It has been a very successful year for world literature: along with the works of well-known authors, we have witnessed several amazing debuts. Therefore, it turned out to be a challenging task to name only the 5 best pieces! Nevertheless, PocketBook is pleased to present our Top 5 books of 2020 that everyone should read because they will be talked about for a very long time.
“A Promised Land” by Barak Obama
The 44th President of the United States and the Nobel Peace Prize laureate is without a doubt one of the brightest and most popular politicians of our time. So it's no surprise that his 768-page memoir became a bestseller on its first day of sale.

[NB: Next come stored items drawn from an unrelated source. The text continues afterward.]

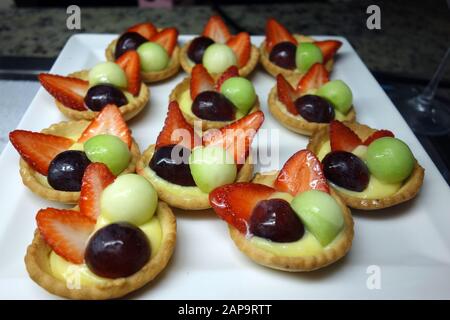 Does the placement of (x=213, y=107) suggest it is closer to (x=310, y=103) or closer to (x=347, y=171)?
(x=310, y=103)

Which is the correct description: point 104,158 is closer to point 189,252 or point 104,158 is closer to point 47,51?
point 189,252

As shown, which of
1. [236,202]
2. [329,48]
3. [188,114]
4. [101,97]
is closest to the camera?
[236,202]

“A Promised Land” is not just an autobiography. It is the president's candid reflections on democracy, economics, power, civil society, and racism. Obama also sincerely shares with readers his opinion on political allies and opponents, describes the character and behavior of world leaders in the negotiations that changed the course of modern history.
And fans of audiobooks will have a nice bonus - Barack Obama himself reads the English version of the book!
“The Evening and the Morning” by Ken Follett
The books of this British author are so successful that he can be put on a par with such phenomena of modern literature as Stephen King, Dan Brown or John Grisham. What's Ken Follett's secret? The writer has a gift for explaining complex things in simple language, without sacrificing the deep meaning of the text and attention to detail.
His long-awaited new novel, “The Evening and the Morning,” is the fourth part of the popular Kingsbridge historical series about Medieval England. Readers can expect a complete and reliable (a big team of historians works for the author!) immersion in the dark past of a country torn apart by political intrigues and power struggles. Gripping plot, vivid characters, and lightness, which is usually not inherent in such historical novels.
Haven't read any part of the Kingsbridge series? We've got great news for you: “The Evening and the Morning” is a prequel to the previous three books and is a great introduction to the series.
“A Children’s Bible” by Lydia Millet
The new novel by the Pulitzer Prize finalist is an amazing parable about the change of generations and the impending environmental catastrophe. The author brilliantly mixes styles and genres, so that the story resembles either a light teenage novel, or The Lord of the Flies, or even completely amazes with allusions to Noah's Ark.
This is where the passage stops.